Joel Tillinghast, a once-legendary portfolio fund manager and former colleague at Fidelity, sometimes describes retail apparel investing as “momentum-based”. After all, when it works, you look like a genius: people throw $20 bills at you in exchange for flimsy cotton shifts that cost $3.50 to manufacture and $5 to market. Every appareler is convinced they have the Midas touch, and when it stops working, the public reacts to the your brand as if they’d awakened in some haze: “Why did we buy this stuff to begin with?” consumers wonder. “Why did we give this thing such a high multiple?” investors wonder. Somehow, we never learn the lesson with apparel, and so the cycle continues.

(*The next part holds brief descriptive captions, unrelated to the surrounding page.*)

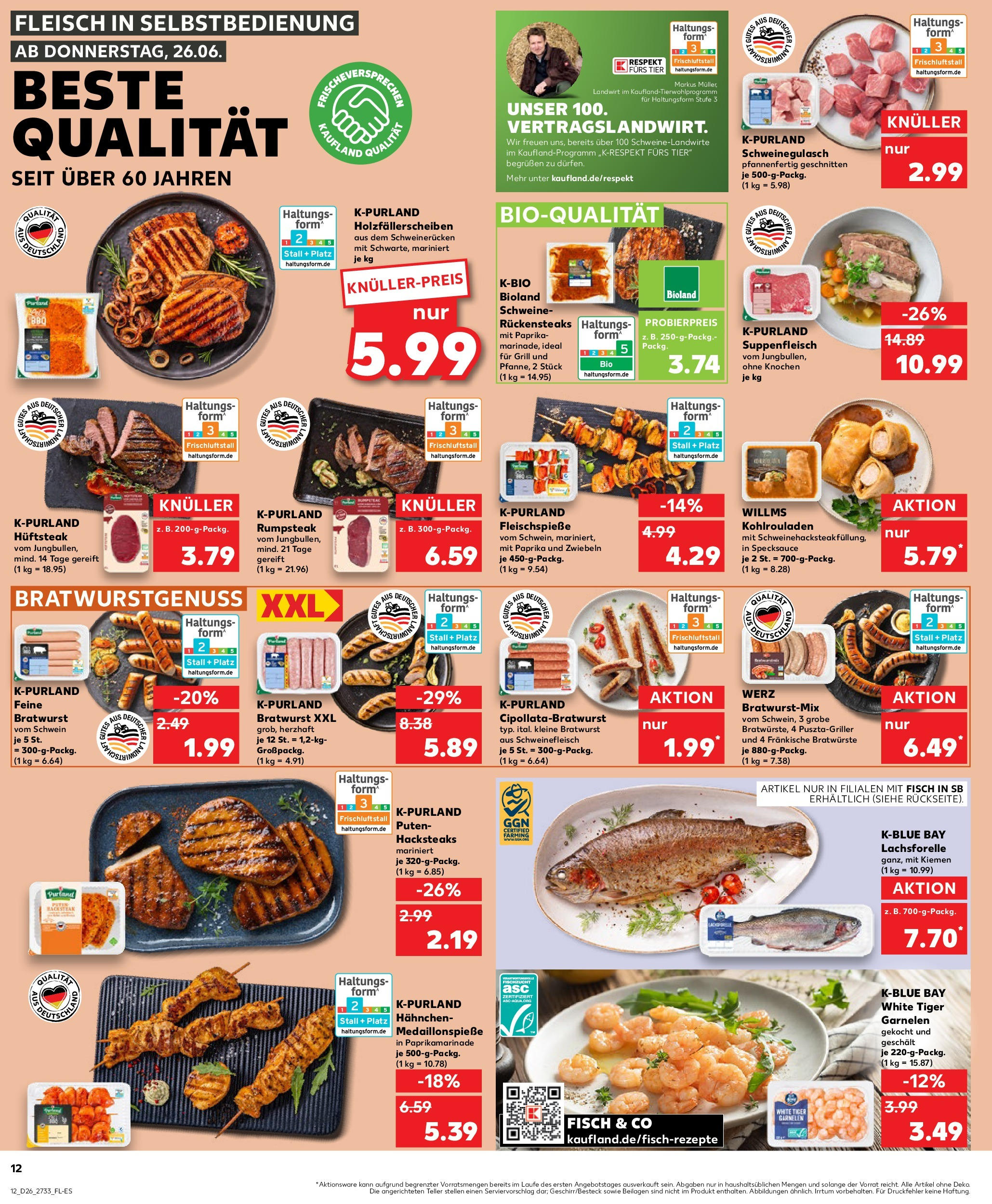 Prospekt Kaufland ab 25.06.2025 » Angebote Online zum Blättern | Seite: 12 | Produkte: Schweinegulasch, Bratwurst, Fisch, Paprika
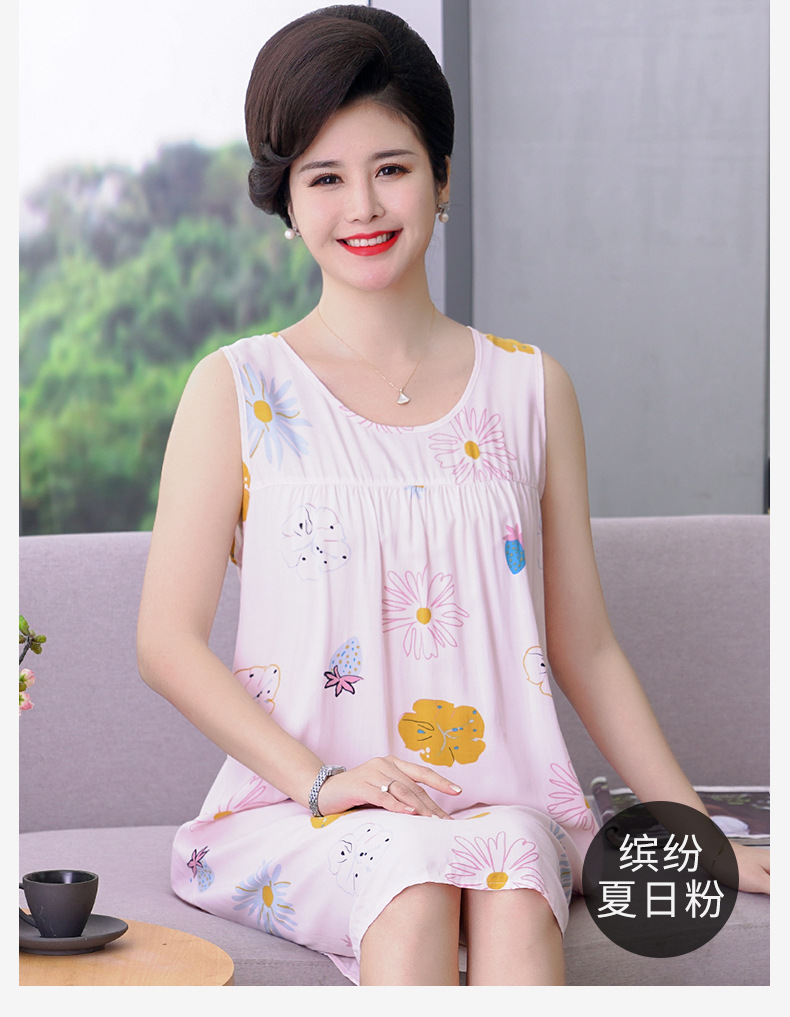 棉绸睡裙女夏中老年睡衣人造棉无袖连衣裙中长款休闲家居服妈妈装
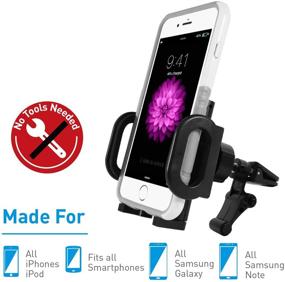 img 3 attached to 📱 Macally Car Vent Phone Mount - Ultimate Cell Phone Holder for Car - Air Vent Phone Mount - Easy Clamp Cradle for Vehicles - Compatible with Apple iPhone & Android Smartphones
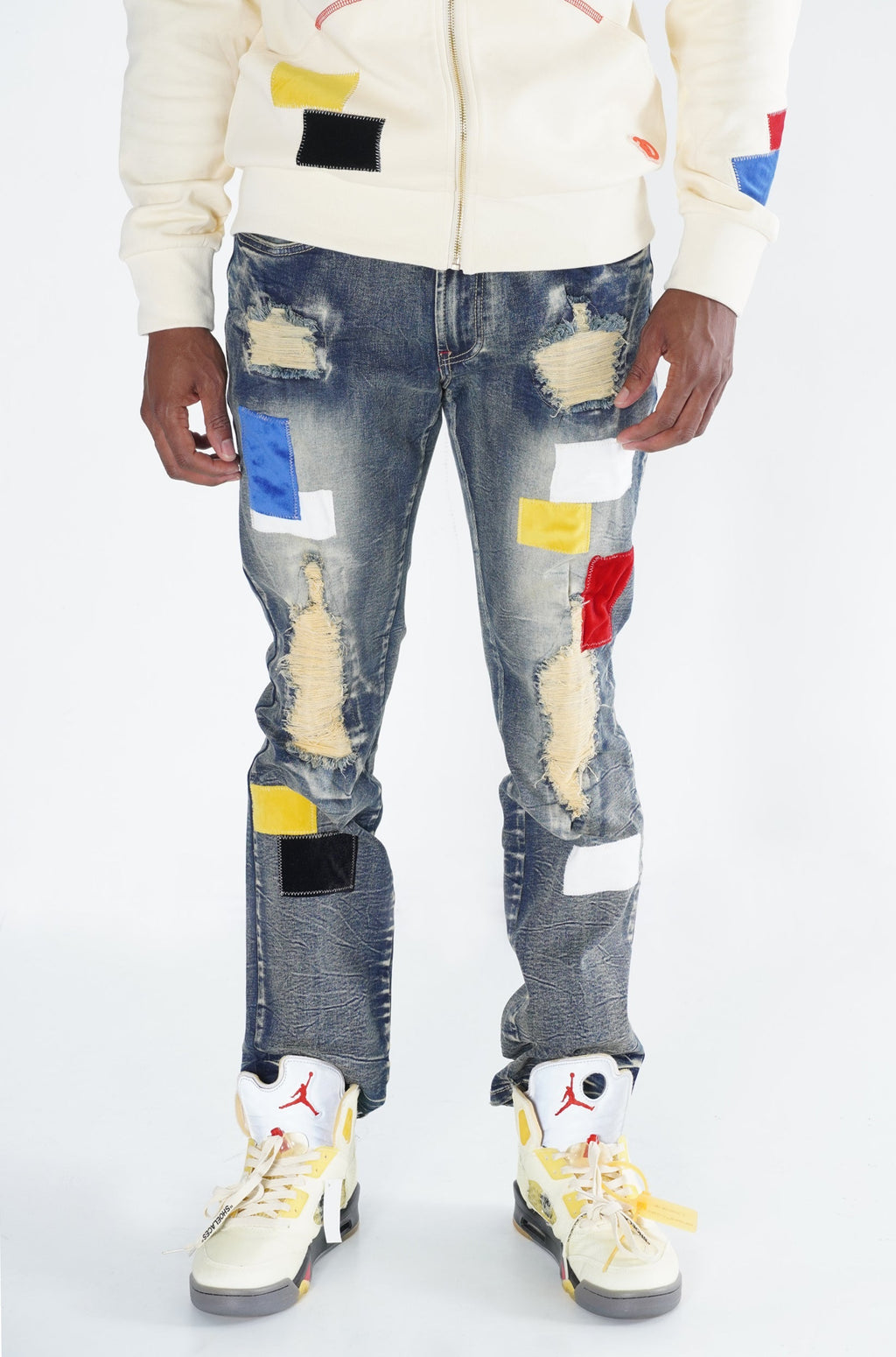 F1715 Frost Patchwork Denim Shredded Jeans - Dirt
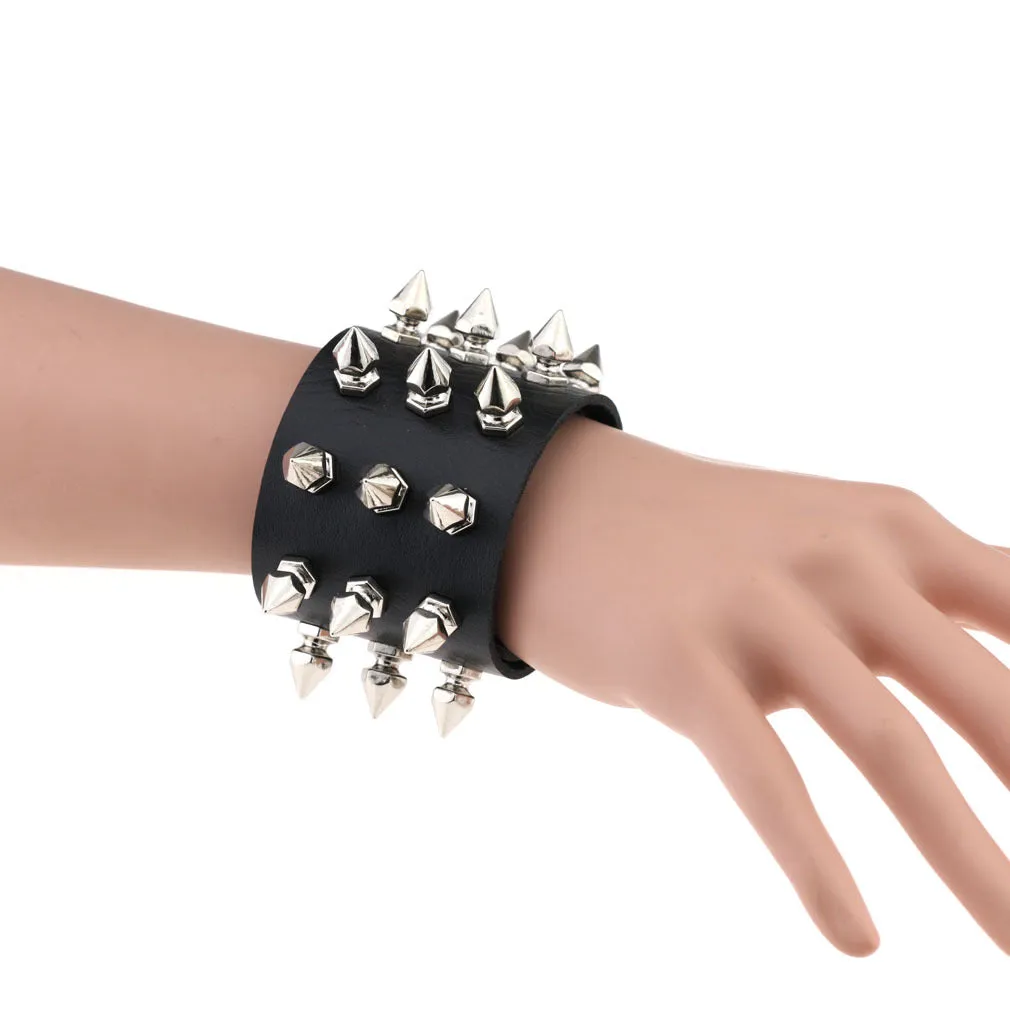 Gothic Delicate Cuspidal Spikes Rivet Leather Bracelets Punk Bracelet for Women Men  red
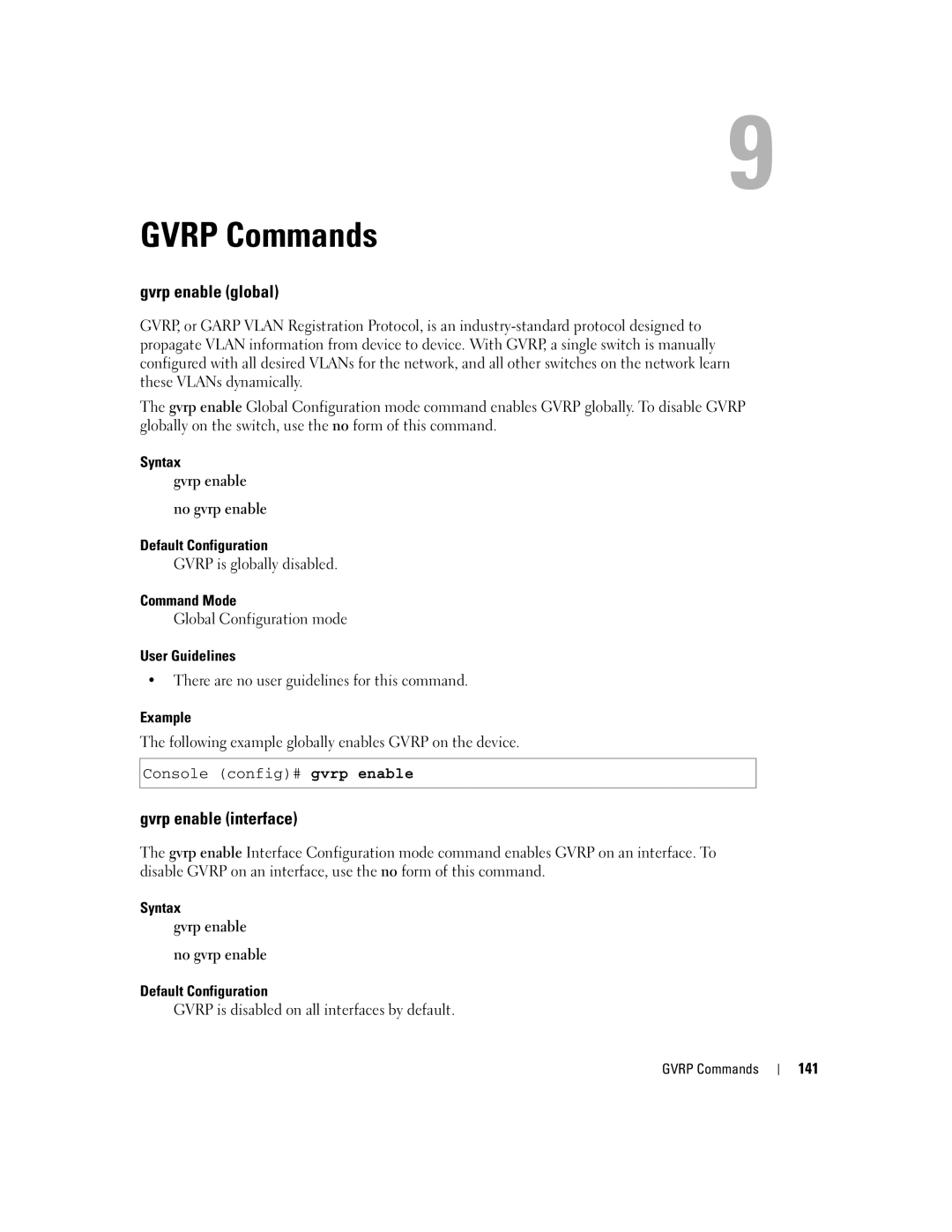 Dell 5324 manual Gvrp Commands, Gvrp enable global, Gvrp enable interface, 141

There’s a subtle distinction I’d like to make, though. While “momentum” is a good first-order approximation, it doesn’t really describe what’s actually going on: a realization gradient. Consumers over time realize the social capital that’s being conveyed through apparel, and buy it because they come to an understanding. The realization gradient works both ways: some consumers are less quick to realize the death of a brand, but they eventually catch on and stop buying as well. The belief that apparel is a random walk down human preferences isn’t accurate: rather, the social-capital zeitgeist shifts over time, and brands that are well-positioned to trade on that social capital do well.

Victoria’s Secret (owned by publicly traded Limited Brands) is entering the negative realization death spiral. The clothing is now perceived as uncomfortable, overpriced vs alternatives, and promoting unhealthy expectations. Les Wexner’s Epstein connection is certainly not helping. The optics are horrendous. What was once sexy is now complicit. Worse, there are far, far too many competent competitors. Let’s review.

Gap Body has been exceptionally successful at targeting lingerie “basics”, Journelle and Nordstrom round out the midtier, and Agent Provocateur and La Perla round out the high end.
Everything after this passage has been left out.